RICHFIELD, Minn. - An investigation into personal misconduct led Brian Dunn to step down from his post as CEO of Best Buy.
Claire Koeneman of H+K Strategies, a spokeswoman for the Best Buy board of directors released the following statement:
"Certain issues were brought to the board's attention regarding Mr. Dunn's personal conduct, unrelated to the company's operations or financial controls, and an audit committee investigation was initiated. Prior to the completion of the investigation, Mr. Dunn chose to resign."
No further details about the investigation have been released.
In a written statement earlier on Tuesday, Best Buy said Dunn's resignation was a mutual agreement and that it's time for new leadership to address the challenges that face the company.
Best Buy went on to say Dunn enjoyed every one of his 28 years with the company and leaves it in a position for a strong future.
Dunn worked his way up the corporate ladder. He started at Best Buy as a sales associate in 1985 when the company had just a dozen stores.
Best Buy recently announced it would close fifty stores and move others from a big box style to smaller stores.
Additionally, it would lay off 400 workers at its corporate headquarters in Richfield.
"Best Buy's big mistake is they've done a terrible job over the last several years of integrating they're retail locations with their online presence," said author and Forbes contributor Larry Downes.
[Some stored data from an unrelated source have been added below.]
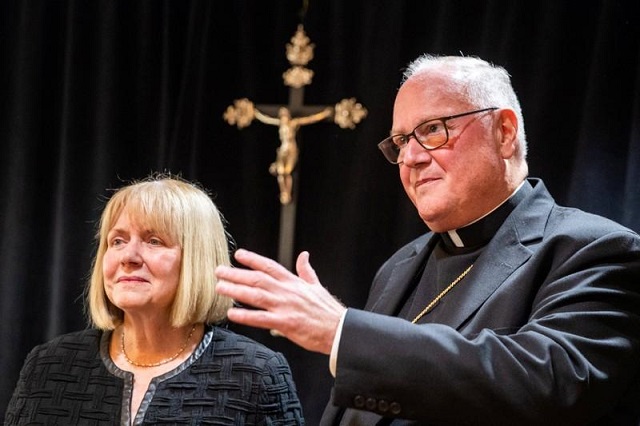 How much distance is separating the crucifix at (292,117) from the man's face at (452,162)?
4.66 feet

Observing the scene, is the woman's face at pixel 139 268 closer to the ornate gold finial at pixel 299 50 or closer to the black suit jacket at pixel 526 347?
the black suit jacket at pixel 526 347

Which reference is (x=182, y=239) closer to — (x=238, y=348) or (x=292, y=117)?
(x=238, y=348)

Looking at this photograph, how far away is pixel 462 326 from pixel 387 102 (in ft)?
5.94

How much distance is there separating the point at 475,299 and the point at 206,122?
2.16 metres

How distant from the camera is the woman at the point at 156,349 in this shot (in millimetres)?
2400

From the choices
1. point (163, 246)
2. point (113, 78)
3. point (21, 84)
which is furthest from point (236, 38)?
point (163, 246)

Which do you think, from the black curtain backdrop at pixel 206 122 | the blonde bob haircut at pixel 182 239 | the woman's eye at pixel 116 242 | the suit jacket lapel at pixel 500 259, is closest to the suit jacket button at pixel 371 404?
the suit jacket lapel at pixel 500 259

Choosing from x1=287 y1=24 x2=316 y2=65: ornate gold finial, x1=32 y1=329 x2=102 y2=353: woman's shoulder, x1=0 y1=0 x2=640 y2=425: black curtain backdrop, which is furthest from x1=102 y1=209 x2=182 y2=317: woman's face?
x1=287 y1=24 x2=316 y2=65: ornate gold finial

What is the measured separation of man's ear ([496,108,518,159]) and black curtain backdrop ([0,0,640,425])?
1156 millimetres

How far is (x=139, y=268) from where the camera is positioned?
249 cm

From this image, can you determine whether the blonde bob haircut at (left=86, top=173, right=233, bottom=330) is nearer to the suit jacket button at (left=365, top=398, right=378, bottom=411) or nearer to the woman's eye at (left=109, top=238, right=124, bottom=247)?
the woman's eye at (left=109, top=238, right=124, bottom=247)

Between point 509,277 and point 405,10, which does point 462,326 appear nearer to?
point 509,277

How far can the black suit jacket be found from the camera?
56.6 inches

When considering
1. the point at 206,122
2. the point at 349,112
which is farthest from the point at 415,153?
the point at 206,122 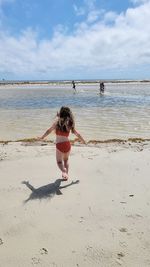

Downes is critical of the way Best Buy has handled its business and pointed to a major hiccup this past Christmas when stores ran out of popular items and didn't tell consumers until a couple days before the holiday.
"What contingency plans do they have to anticipate the future and to take advantage of the future as opposed to being surprised by it," said University of Minnesota's Akshay Rao.
Rao said Best Buy must begin to look less at the day to day operations and more at its long term future. He said the company should already be looking at the competitors of tomorrow to work at getting their customers to return.
"Best Buy needs to ask itself what do consumers do when they engage with me," explained Rau. "What can I do to get them to engage with me and when they engage with me what other kinds of engagements can we develop."
Hamline University's Vice President of Marketing Jeffrey Rich said the "flawed" business model, neglecting paying more attention to brick and mortar stores at the expense of more innovative e-commerce, is the real reason for Dunn's departure.
"The performance of the corporation, I think, had more to do with Mr. Dunn's resignation, leaving Best Buy, than any other issues that might be swirling around right now," said Rich.
In the meantime, Mike Mikan will serve as the temporary CEO while the company searches for a new one. The 41-year-old is the grandson of Minneapolis Lakers basketball star George Mikan.